In the early 1900s, a horse called Clever Hans became a German celebrity. Touring Germany’s towns and villages, Hans showed off a remarkable grasp of the German language, and an even more remarkable mastery of mathematics. When asked, ‘Hans, what is four times three?’ Hans tapped his hoof twelve times. When shown a written message asking, ‘What is twenty minus eleven?’ Hans tapped nine times, with commendable Prussian precision.

In 1904 the German board of education appointed a special scientific commission headed by a psychologist to look into the matter. The thirteen members of the commission – which
included a circus manager and a veterinarian – were convinced this must be a scam, but despite their best efforts they couldn’t uncover any fraud or subterfuge. Even when Hans was separated from his owner, and complete strangers presented him with the questions, Hans still got most of the answers right.

In 1907 the psychologist Oskar Pfungst began another investigation that finally revealed the truth. It turned out that Hans got the answers right by carefully observing the body language and facial expressions of his interlocutors. When Hans was asked what is four times three, he knew from past experience that the human was expecting him to tap his hoof a given number of times. He began tapping, while closely monitoring the human. As Hans approached the correct number of taps the human became more and more tense, and when Hans tapped the right number, the tension reached its peak. Hans knew how to recognise this by the human’s body posture and the look on the human’s face. He then stopped tapping, and watched how tension was replaced by amazement or laughter. Hans knew he had got it right.
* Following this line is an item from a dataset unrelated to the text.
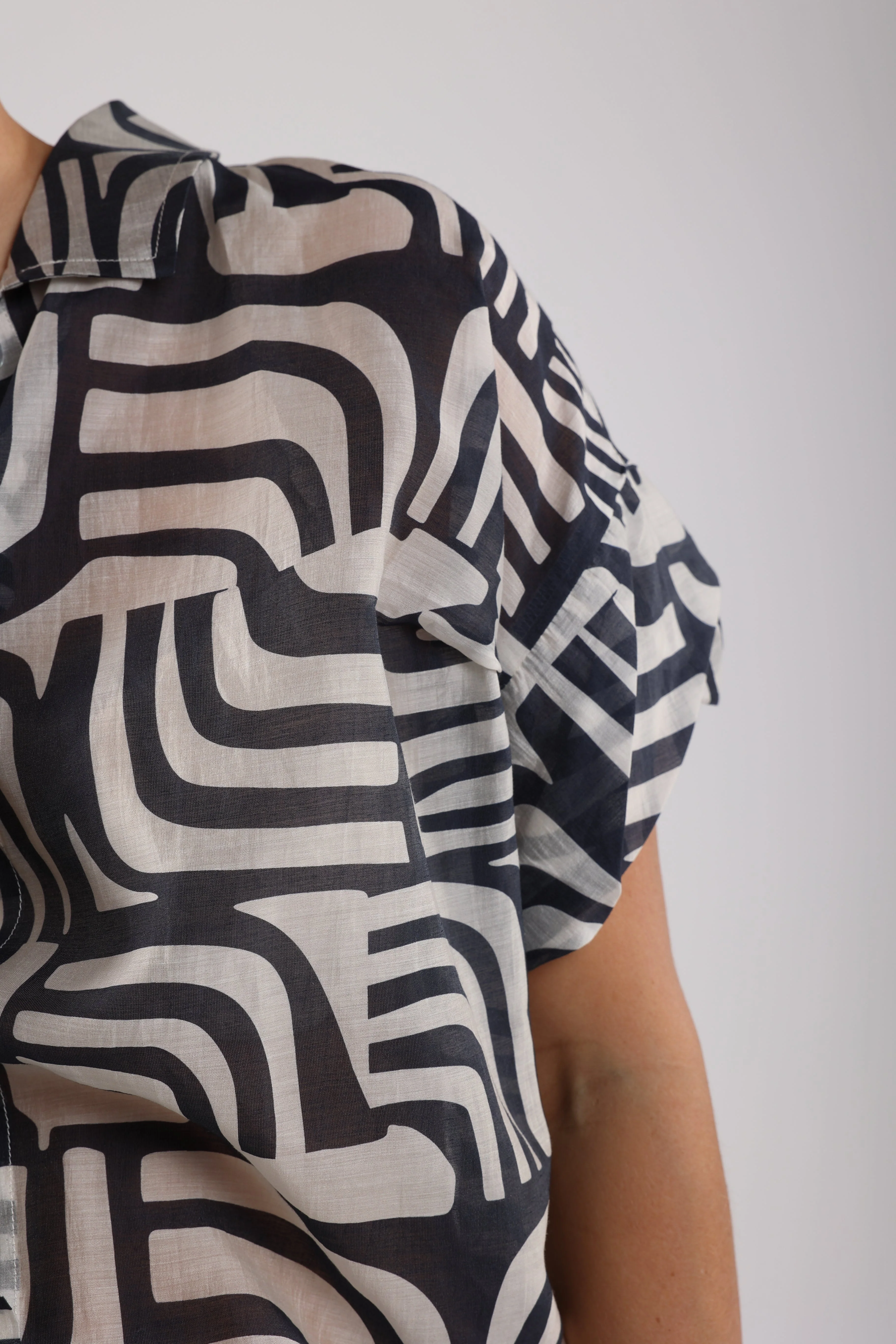 Blouse Catalina Offwhite Navy NKS02050 - Image 6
Clever Hans is often given as an example of the way humans erroneously humanise animals, ascribing to them far more amazing abilities than they actually possess. In fact, however, the lesson
is just the opposite. The story demonstrates that by humanising animals we usually
underestimate
animal cognition and ignore the unique abilities of other creatures. As far as maths goes, Hans was hardly a genius. Any eight-year-old kid could do much better. However, in his ability to deduce emotions and intentions from body language, Hans was a true genius. If a Chinese person were to ask me in Mandarin what is four times three, there is no way that I could correctly tap my foot twelve times simply by observing facial expressions and body language. Clever Hans enjoyed this ability because horses normally communicate with each other through body language. What was remarkable about Hans, however, is that he could use the method to decipher the emotions and intentions not only of his fellow horses, but also of unfamiliar humans.